Data supplied:
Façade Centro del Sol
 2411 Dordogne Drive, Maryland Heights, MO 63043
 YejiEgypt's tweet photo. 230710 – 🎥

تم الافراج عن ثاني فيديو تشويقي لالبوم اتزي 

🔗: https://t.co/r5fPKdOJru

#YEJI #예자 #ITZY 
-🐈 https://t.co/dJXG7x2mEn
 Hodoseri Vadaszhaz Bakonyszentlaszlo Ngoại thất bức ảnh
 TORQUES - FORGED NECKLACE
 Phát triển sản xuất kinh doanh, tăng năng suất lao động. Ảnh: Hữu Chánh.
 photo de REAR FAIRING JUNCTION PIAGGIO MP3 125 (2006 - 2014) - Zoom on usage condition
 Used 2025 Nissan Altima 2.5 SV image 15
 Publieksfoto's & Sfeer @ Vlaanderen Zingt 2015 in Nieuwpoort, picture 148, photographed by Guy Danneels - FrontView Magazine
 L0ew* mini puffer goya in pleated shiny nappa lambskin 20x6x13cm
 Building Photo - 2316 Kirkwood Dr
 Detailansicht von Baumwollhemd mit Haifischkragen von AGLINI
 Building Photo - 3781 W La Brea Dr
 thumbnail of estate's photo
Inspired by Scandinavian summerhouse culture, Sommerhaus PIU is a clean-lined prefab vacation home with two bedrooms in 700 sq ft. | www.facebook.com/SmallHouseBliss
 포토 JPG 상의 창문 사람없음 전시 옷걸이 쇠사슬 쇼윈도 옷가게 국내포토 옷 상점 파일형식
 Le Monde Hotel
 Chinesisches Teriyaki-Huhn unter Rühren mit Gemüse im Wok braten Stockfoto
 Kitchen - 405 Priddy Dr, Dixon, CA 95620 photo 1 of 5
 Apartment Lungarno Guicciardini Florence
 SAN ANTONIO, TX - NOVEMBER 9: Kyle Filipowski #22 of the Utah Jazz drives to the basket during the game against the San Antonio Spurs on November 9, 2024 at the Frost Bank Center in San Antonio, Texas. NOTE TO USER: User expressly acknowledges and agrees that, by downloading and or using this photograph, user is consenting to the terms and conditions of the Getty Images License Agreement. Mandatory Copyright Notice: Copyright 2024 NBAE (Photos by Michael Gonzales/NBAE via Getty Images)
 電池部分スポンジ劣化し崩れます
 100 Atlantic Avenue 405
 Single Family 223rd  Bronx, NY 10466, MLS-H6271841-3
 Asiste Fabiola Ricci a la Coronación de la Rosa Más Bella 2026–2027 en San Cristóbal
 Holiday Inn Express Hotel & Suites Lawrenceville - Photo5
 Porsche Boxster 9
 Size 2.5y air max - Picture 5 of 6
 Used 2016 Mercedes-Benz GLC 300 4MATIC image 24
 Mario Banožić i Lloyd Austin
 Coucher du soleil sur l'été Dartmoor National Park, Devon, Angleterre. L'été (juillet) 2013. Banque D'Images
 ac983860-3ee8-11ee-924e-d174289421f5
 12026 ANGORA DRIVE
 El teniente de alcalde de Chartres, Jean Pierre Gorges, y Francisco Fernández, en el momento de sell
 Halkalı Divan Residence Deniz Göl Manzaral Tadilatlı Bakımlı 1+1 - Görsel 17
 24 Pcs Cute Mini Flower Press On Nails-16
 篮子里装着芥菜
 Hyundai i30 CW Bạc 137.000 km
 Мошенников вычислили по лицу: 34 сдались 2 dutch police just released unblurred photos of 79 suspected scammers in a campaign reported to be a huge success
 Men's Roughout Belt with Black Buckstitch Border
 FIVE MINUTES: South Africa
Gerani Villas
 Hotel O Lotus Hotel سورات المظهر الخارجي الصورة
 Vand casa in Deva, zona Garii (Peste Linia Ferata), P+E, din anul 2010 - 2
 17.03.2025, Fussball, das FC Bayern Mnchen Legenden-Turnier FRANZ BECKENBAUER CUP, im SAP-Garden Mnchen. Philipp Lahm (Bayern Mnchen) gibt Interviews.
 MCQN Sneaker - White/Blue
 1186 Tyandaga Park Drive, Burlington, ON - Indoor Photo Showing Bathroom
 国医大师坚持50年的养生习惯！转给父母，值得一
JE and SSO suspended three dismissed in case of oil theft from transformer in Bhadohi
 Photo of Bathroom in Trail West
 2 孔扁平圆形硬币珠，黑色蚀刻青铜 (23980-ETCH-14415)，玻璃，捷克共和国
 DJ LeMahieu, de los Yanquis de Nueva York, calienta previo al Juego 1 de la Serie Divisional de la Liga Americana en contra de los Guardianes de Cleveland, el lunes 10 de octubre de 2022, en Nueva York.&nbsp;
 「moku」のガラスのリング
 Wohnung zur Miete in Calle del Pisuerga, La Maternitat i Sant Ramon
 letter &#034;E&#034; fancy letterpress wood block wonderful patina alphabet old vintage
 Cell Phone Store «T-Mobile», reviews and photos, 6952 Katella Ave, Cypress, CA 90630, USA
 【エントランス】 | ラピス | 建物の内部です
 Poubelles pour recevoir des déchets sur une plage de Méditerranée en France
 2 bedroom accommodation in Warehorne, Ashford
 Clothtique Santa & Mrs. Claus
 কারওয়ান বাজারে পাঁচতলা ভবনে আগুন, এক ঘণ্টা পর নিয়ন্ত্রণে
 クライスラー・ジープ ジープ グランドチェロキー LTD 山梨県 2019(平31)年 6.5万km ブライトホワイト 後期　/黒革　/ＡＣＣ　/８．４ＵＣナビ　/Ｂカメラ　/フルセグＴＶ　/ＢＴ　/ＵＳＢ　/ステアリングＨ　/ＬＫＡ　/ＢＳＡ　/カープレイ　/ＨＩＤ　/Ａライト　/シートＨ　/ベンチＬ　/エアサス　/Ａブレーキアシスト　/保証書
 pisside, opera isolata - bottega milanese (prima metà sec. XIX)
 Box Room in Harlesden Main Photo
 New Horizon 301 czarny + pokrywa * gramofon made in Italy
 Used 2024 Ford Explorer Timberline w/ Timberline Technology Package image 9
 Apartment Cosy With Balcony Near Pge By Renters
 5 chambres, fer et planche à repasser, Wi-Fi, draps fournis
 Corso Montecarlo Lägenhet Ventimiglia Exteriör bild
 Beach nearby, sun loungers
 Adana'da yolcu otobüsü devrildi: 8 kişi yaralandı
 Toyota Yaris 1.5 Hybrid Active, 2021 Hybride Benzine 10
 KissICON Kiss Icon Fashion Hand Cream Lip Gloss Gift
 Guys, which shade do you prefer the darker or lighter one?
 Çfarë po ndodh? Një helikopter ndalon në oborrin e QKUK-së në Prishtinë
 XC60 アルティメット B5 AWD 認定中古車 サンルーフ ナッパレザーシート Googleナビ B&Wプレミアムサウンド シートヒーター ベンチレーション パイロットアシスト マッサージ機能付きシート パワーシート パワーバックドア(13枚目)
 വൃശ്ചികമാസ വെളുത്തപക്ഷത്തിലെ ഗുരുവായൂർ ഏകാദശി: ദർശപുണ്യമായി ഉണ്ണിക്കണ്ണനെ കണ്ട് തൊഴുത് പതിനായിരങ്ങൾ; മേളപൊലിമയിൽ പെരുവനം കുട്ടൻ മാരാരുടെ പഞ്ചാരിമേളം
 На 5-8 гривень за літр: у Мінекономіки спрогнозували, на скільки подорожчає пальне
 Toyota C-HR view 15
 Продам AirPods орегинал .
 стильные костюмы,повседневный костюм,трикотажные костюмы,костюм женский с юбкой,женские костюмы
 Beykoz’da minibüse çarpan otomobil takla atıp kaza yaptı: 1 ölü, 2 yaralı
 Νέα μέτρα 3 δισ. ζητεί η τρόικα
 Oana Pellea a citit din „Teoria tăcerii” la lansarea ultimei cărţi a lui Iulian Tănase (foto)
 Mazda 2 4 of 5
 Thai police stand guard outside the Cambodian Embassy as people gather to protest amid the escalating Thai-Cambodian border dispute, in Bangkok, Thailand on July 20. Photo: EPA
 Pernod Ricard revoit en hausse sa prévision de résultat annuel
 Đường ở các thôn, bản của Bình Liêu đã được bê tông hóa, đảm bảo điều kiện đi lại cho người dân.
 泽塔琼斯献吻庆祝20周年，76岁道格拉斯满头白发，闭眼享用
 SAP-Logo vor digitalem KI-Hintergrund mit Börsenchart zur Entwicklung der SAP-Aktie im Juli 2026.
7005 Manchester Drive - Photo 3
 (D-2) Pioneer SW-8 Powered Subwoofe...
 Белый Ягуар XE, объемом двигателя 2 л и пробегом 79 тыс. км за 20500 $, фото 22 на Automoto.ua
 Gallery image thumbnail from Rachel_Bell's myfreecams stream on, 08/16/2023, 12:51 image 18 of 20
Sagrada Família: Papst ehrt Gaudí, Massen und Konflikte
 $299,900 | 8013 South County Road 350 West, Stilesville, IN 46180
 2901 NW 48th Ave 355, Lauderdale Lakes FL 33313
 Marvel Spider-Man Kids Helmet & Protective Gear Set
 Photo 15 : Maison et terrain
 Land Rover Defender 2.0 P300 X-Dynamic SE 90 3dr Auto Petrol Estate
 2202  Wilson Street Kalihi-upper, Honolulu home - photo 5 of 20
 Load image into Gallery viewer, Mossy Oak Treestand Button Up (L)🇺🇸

What you are asked to do: Within the material above, output exactly the lines from the one with "Single Family 223rd" through the one with "Hyundai i30 CW Bạc 137.000 km", end lines included, and nothing besides.

Answer to this problem:
 Single Family 223rd  Bronx, NY 10466, MLS-H6271841-3
 Asiste Fabiola Ricci a la Coronación de la Rosa Más Bella 2026–2027 en San Cristóbal
 Holiday Inn Express Hotel & Suites Lawrenceville - Photo5
 Porsche Boxster 9
 Size 2.5y air max - Picture 5 of 6
 Used 2016 Mercedes-Benz GLC 300 4MATIC image 24
 Mario Banožić i Lloyd Austin
 Coucher du soleil sur l'été Dartmoor National Park, Devon, Angleterre. L'été (juillet) 2013. Banque D'Images
 ac983860-3ee8-11ee-924e-d174289421f5
 12026 ANGORA DRIVE
 El teniente de alcalde de Chartres, Jean Pierre Gorges, y Francisco Fernández, en el momento de sell
 Halkalı Divan Residence Deniz Göl Manzaral Tadilatlı Bakımlı 1+1 - Görsel 17
 24 Pcs Cute Mini Flower Press On Nails-16
 篮子里装着芥菜
 Hyundai i30 CW Bạc 137.000 km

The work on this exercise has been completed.